ステーブルコインとは、その価値が米ドルなどの法定通貨や他の金融商品に裏付けられている仮想通貨だ。ステーブルコインの価値を他の資産に結びつけることで、その他の仮想通貨のようにボラティリティに影響されない資産を提供するというコンセプトで開発された。しかし、これはステーブルコインのリスクがないことを意味するわけではない。

例えば、ステーブルコインの最大手であるテザー社は、2021年、同社のステーブルコイン「USDT」の裏付けとなる法定通貨の担保額を偽っていたとされ、ニューヨーク検事総長と和解している。

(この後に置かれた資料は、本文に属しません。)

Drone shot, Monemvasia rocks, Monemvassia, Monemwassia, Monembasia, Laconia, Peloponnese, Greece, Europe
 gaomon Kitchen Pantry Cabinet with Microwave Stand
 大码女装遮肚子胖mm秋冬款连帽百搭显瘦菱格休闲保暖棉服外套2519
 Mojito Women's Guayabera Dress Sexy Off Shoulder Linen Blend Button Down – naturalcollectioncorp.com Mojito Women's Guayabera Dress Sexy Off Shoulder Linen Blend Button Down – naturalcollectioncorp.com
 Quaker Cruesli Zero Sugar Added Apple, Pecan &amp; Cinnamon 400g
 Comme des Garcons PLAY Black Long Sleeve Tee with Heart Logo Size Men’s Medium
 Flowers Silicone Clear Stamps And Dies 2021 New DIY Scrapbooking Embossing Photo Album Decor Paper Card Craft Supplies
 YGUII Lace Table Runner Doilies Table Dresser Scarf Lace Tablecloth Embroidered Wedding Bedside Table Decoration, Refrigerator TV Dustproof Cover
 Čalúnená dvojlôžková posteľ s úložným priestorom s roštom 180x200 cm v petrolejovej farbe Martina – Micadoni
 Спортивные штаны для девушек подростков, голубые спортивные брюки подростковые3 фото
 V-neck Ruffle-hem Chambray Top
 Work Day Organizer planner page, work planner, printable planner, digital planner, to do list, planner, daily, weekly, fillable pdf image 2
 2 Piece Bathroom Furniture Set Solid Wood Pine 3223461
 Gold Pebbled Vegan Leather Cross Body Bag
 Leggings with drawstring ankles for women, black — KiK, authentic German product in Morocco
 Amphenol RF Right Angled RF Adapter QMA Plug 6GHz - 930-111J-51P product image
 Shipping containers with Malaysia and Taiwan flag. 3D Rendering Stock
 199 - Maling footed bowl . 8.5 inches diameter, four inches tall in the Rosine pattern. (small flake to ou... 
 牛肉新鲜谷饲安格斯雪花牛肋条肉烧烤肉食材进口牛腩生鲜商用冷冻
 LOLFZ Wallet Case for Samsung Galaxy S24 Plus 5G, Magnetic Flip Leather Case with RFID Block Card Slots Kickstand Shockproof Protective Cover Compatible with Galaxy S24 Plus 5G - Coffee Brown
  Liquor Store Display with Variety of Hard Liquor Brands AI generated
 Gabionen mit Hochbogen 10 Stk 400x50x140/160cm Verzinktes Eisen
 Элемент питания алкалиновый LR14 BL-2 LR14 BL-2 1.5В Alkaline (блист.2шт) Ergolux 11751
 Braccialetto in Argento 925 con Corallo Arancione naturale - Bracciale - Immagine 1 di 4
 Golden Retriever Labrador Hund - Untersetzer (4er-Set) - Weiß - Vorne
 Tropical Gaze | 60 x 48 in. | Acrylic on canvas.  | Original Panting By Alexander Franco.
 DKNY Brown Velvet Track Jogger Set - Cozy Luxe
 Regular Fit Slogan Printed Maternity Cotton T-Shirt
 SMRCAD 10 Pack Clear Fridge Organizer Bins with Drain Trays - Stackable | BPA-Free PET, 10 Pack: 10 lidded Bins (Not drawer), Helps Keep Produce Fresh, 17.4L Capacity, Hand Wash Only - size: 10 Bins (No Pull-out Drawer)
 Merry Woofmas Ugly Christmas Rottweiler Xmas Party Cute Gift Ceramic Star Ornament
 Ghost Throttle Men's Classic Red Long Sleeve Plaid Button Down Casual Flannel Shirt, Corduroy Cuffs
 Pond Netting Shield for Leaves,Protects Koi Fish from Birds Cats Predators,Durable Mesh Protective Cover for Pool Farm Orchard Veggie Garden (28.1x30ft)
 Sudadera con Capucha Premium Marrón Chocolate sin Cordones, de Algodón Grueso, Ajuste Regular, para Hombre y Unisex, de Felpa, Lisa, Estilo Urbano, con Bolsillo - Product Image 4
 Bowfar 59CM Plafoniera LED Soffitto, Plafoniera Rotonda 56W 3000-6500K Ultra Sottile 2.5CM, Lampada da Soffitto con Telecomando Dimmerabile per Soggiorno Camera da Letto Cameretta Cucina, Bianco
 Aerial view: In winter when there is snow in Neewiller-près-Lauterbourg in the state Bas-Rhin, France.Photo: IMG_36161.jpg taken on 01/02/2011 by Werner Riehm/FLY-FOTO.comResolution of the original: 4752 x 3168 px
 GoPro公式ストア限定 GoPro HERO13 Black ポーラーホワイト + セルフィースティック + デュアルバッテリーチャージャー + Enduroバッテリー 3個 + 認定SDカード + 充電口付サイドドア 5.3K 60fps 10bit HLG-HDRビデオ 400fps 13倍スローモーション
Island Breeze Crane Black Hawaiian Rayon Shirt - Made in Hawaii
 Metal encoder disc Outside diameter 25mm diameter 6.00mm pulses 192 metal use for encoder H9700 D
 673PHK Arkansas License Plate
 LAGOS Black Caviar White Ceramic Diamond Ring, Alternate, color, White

ニューヨーク州に1850万ドルの損害賠償を支払うほか、同社は引当金の定期的な開示を求められた。

ステーブルコインの裏付け資産は、2022年から始まった弱気市場と一部仮想通貨企業の破綻の影響から、ここ数カ月でさらに精査されるようになった。5月には、アルゴリズム型ステーブルコインであるテラUSD(UST)がドルペグを失い、約0.30ドルの安値に暴落したときに、テラのエコシステムが崩壊した。

ムーディーズは上場企業の信用格付けを行い、格付けを通じて信用リスクに関する分析を配信している。